Many VMs run one application, but they typically run many processes. For instance OpenSSH. Say a hacker breaks into your application and has some abilities in the userspace. Now with your reduced separation between the kernelspace and userspace it is presumably easier to exploit the kernel. Once you have your way into the kernel you have the run of the place so you have root access to modify all of the other processes running on the machine.
If you are using a password to login to your system the attacker can get into the OpenSSH service and wait for you to login (giving them your cleartext password). OpenSSH uses a tunnel to encrypt your password from the outside world but it is a tunneled clear text password so once the service itself is exploited you end up just handing it to the hackers. Or on second thought just break your way into PAM and then all applications on the machine start feeding the hacker passwords. Once they have your password they can start to use it elsewhere on your network to see what else they can get into.

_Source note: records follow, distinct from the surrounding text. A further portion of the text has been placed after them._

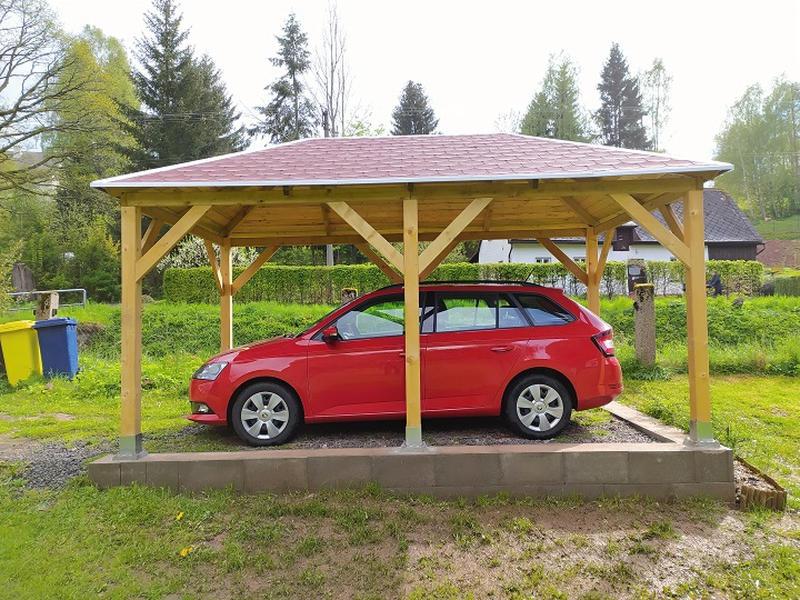 Dřevěné stání jako skvělá alternativa garáže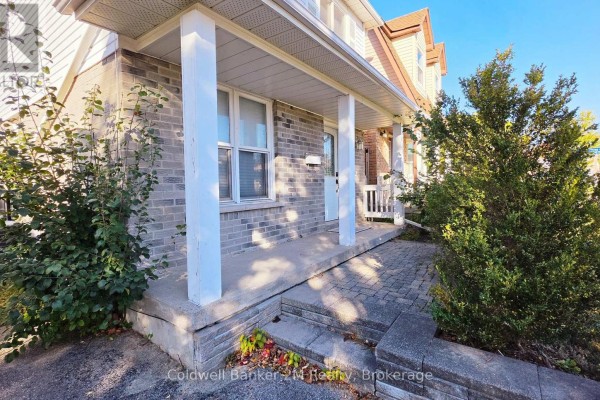 Living room - 852 Attersley Drive, Oshawa, ON L1K1T9 Photo 2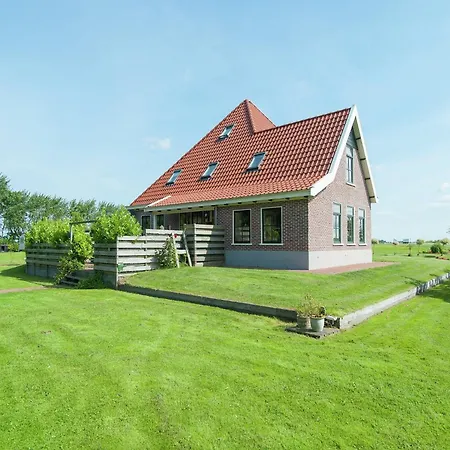 Feriehus Near Dutch Coast & Sauna Schagerbrug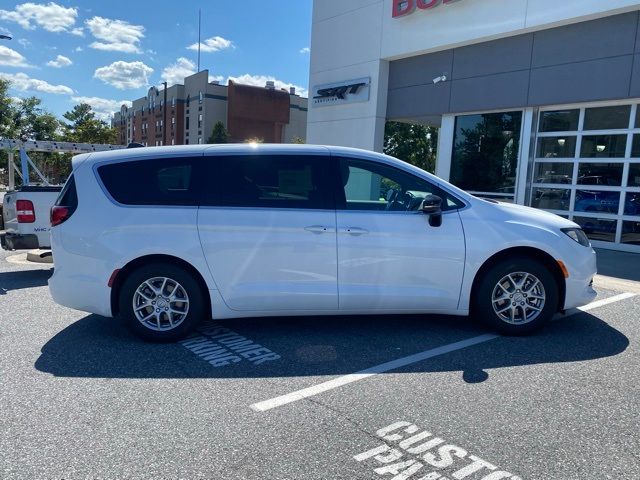 2026 Chrysler Voyager LX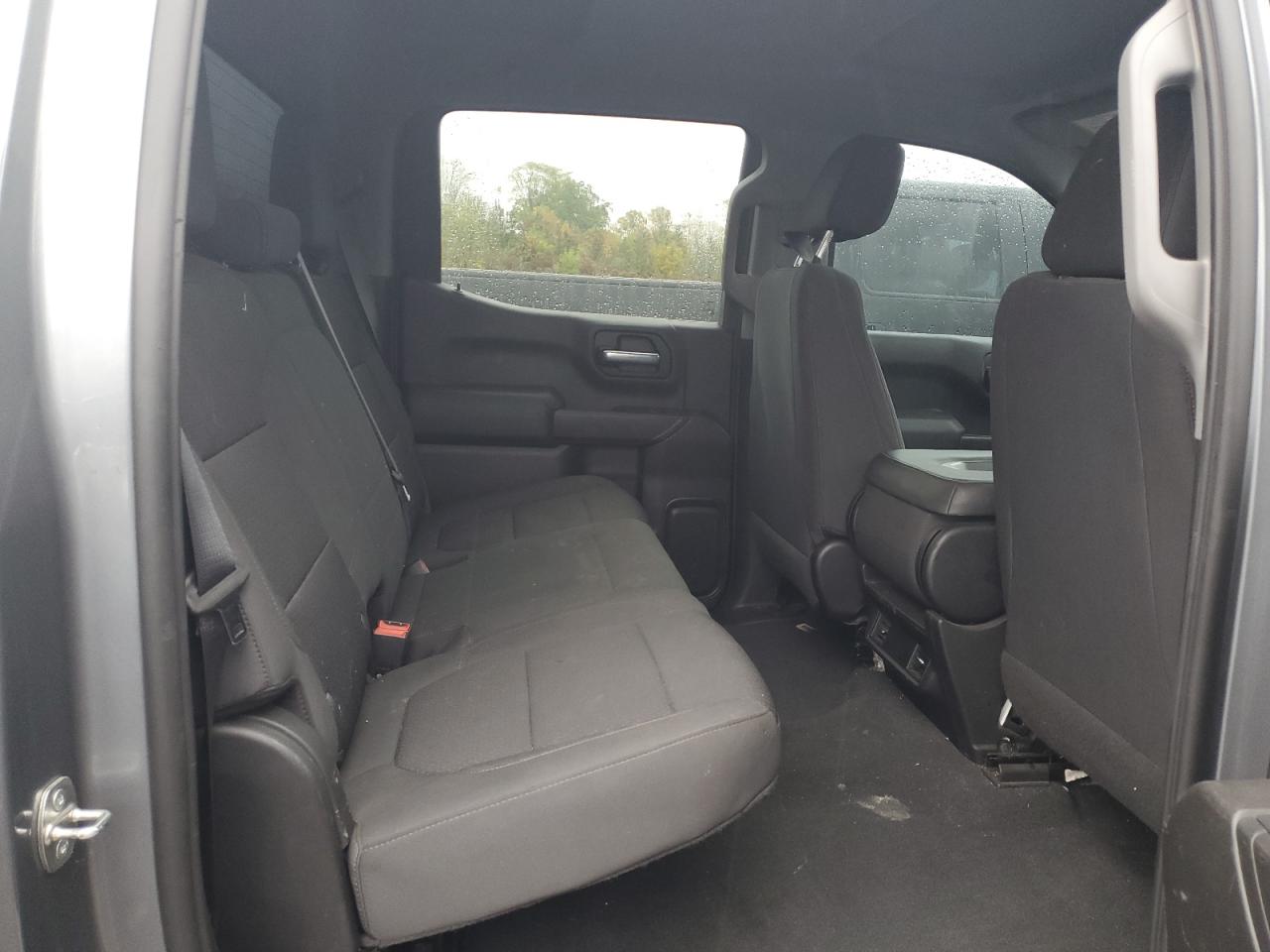 2021 Chevrolet Silverado K1500 Custom VIN: 3GCPYBEK3MG266532 Lot: 81552895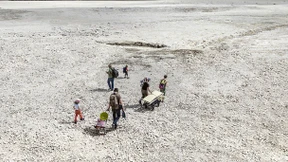 Als habe jemand den Stöpsel gezogen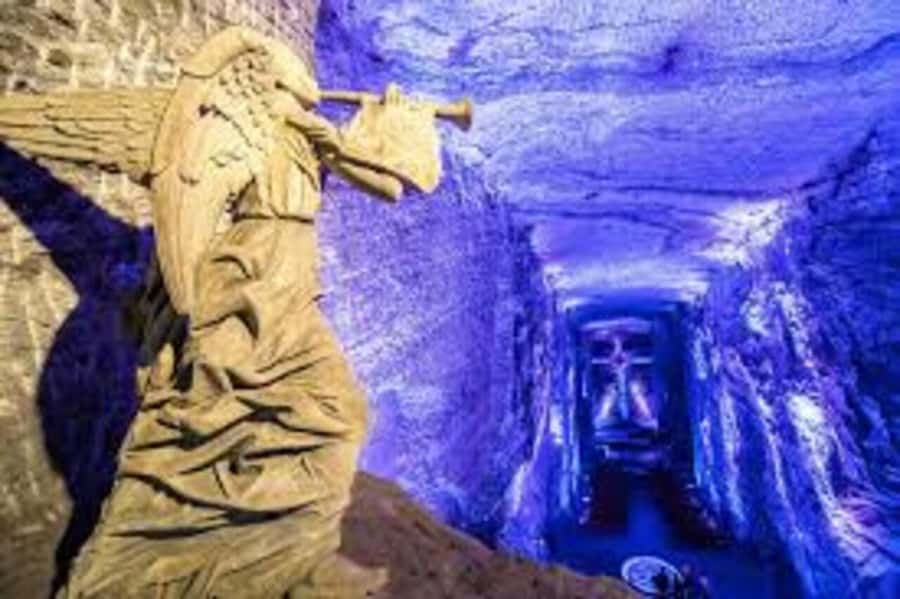 BOGOTA: From the Clouds to the Earth, Tour to Monserrate and the Salt Cathedral - The drive north to Zipaquirá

External facing machines are often just the start of a hackers goals, and making those external facing machines any easier to compromise for the sake of efficiency is a bad idea.
The reason a wanted a valve box is to break free of the proprietary xbox sony console paradigm.
What exactly is proprietary about Linux? From the summary link (click on the first circle on the linked page):
Users can alter or replace any part of the software or hardware they want.
capable of running all valve's source games in HD.
It is true that the system won't be able to run all of the Steam library, however if you have another PC in the house that can you can stream it to the SteamBox again from the link:
You can play all your Windows and Mac games on your SteamOS machine, too. Just turn on your existing computer and run Steam as you always have - then your SteamOS machine can stream those games over your home network straight to your TV!
No rebuying anything
You don't have to rebuy games for Linux. Whenever you buy a game on Steam that is Mac/Linux compatible you can run it on all of those platforms for no extra cost.